Guilt arises when we violate a moral standard that we hold true. Sometimes we say we are at terms with a situation just to find out we are just coating it in defense mechanisms. Maybe you were OK with the fact of fantasizing about another woman, but avoided getting what you really wanted (you said you craved it all your life) because you were actually avoiding this guilt that is consuming you right now, which means you might be coming in terms with your sexuality just now (which is common).
Where does the guilt come from? Possibly you have an idea that being with another girl is wrong (somewhere in your mind) and is to that idea that you might be, unknowingly, attached. That would be my guess as to being the root of all your dilemma. If that's the case you have to find out why you hold that belief, reexamine if its valid or not.
That is how I 'read' your post. Sorry if I sound too 'shrinky'.

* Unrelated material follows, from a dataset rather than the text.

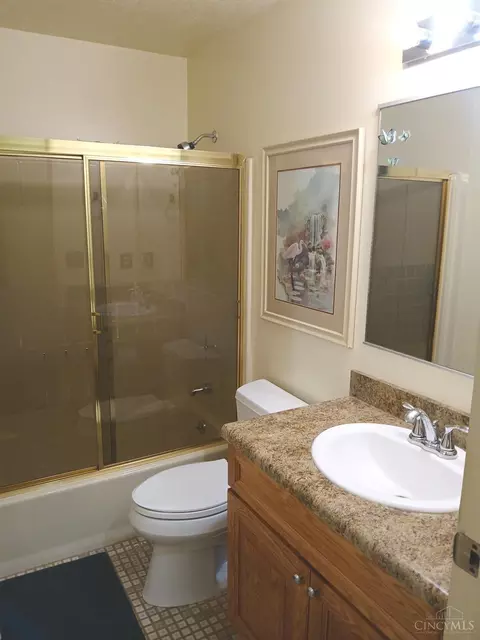 5292 Eaglesnest Dr, Cincinnati, OH 45248 photo 11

As far as Buddhism itself goes, I wouldn't call you a bad Buddhist. We all have latent issues. :-P
Thanks all of you for really going to great pains to take the socio-cultural popularist element out of lesbianism and for seeing beneath that. I appreciate it.

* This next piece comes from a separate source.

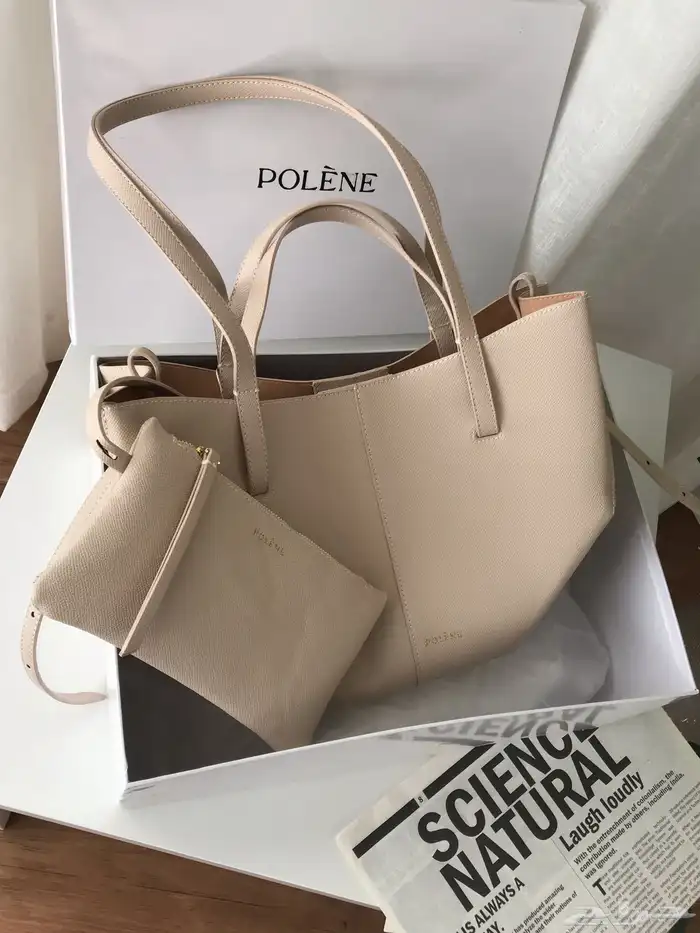 شنط نسائيه ماركه بالملحقات وبسعر خيالي . 26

The thing is. I wanted girls from the age of 5 or 6. But I had issues. With my mum, with jealousy of other girls, with lacking self-esteem, with feminist rage, with man-hating, with everything. And I didn't want to declare myself lesbian as a reaction to that. I am more than a reaction. So I waited and waited and oh God waited until I had gotten through all that and felt whole. Then I felt ready to meet a girl and to be authentic. So now I'm seeing her and it's not just bringing up the identity thing it's bringing up every other relationship I ever had (as any new relationship would), what I want, what I'm afraid to want...
But can you imagine how bad I felt when we got intimate and this amazing girl held me close and suddenly I become obsessed with the male physique. Oh goodness, I think. She doesn't have one of 'those'. How do I get passed that? I don't want to bring the forum down to something sexual but issues of sex and lust and desire come into busshism. And how.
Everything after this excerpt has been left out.